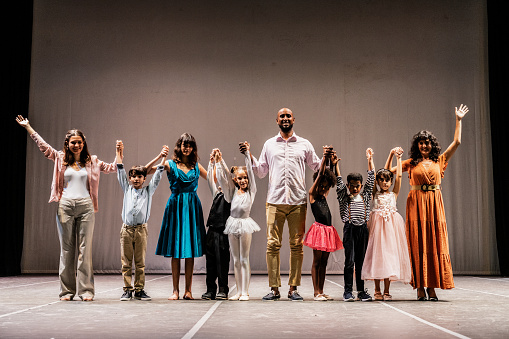 Portrait of parents and children thanking the audience after performance at stage theater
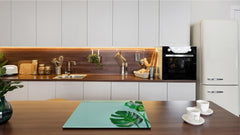 Induction Cooktop Cover Kitchen Board – Impact Resistant Glass Pastry Board – Heat resistant; MEASURES: SINGLE: 60 x 52 cm (23,62” x 20,47”); DOUBLE: 30 x 52 cm (11,81” x 20,47”); D31 Tropical Leaves Series: Monstera summer leaves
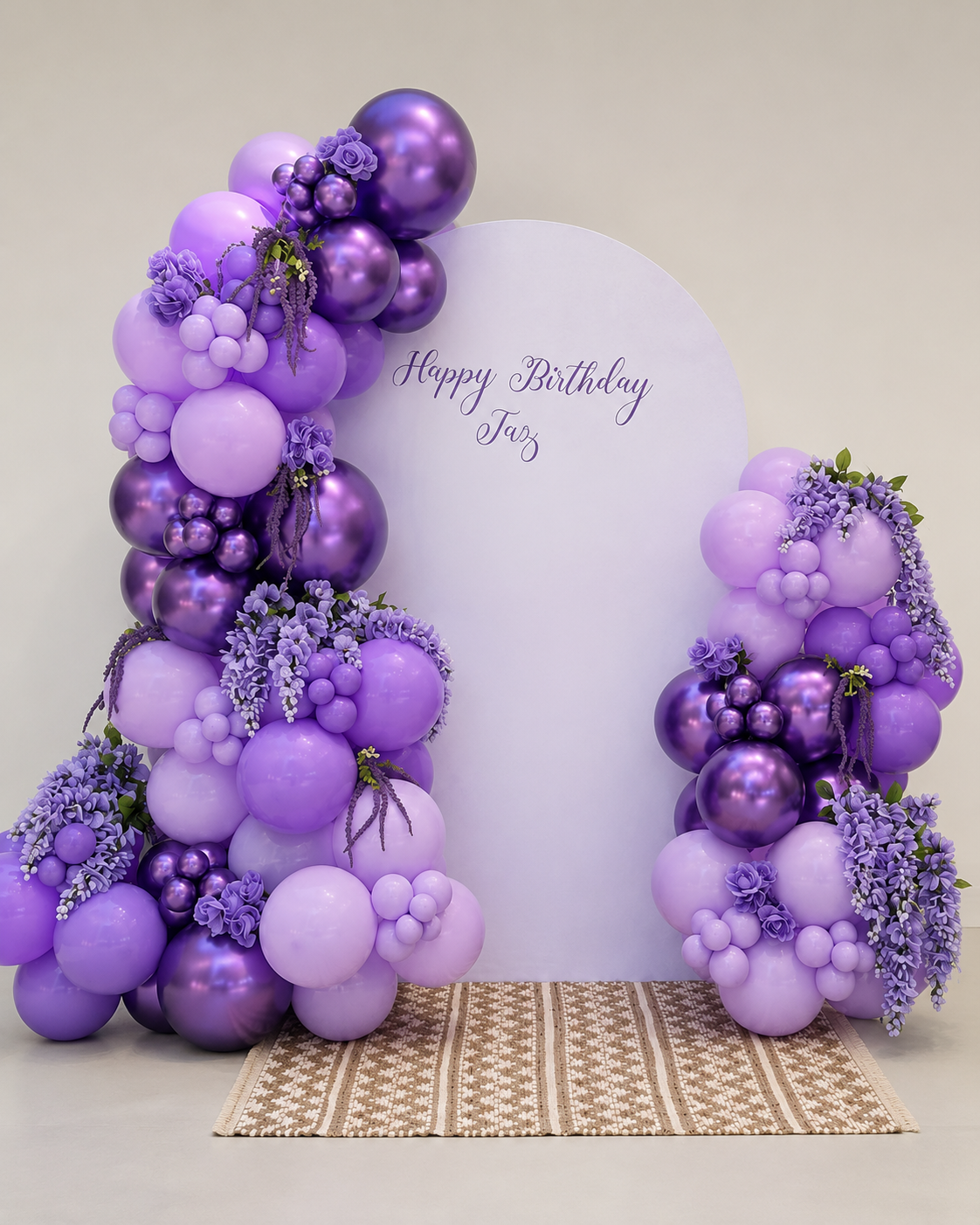 Purple floral arch · Taz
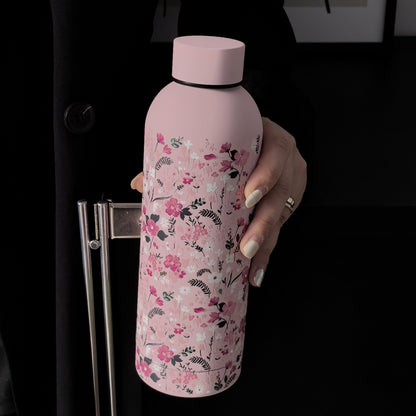 Stylish 16.9oz insulated water bottle with chic pink floral design, perfect for travel, sports, and everyday use. Great gift for birthdays and holidays.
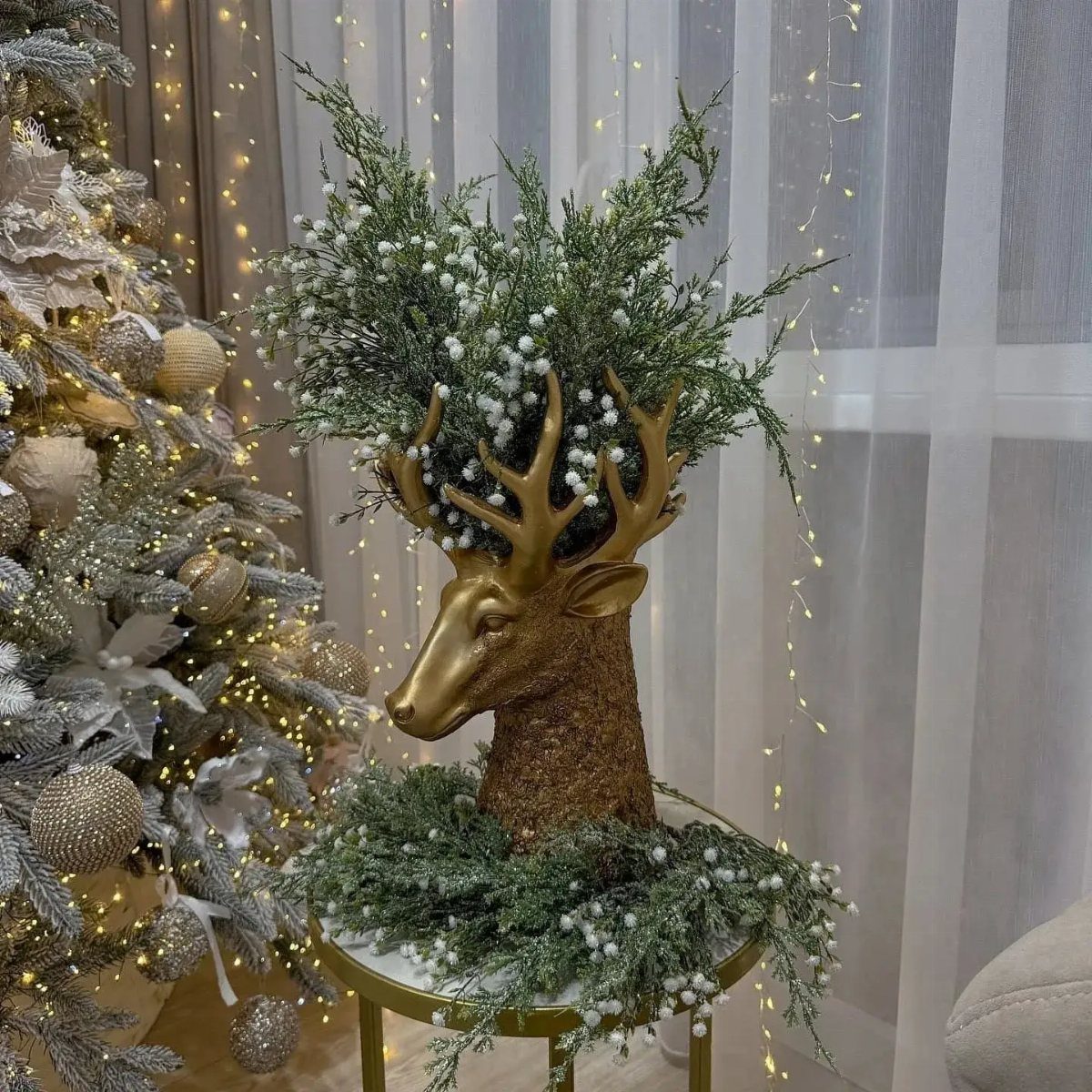 Gold deer head sculpture with pine branches and white berries near a Christmas tree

-------------------------

▸ **Work to complete**
Repeat nothing but the lines from the one containing "Stylish 16.9oz insulated" through the end of the entries, exactly, and skip the pictures.

▸ **Answer to the exercise**
 Stylish 16.9oz insulated water bottle with chic pink floral design, perfect for travel, sports, and everyday use. Great gift for birthdays and holidays.
 Gold deer head sculpture with pine branches and white berries near a Christmas tree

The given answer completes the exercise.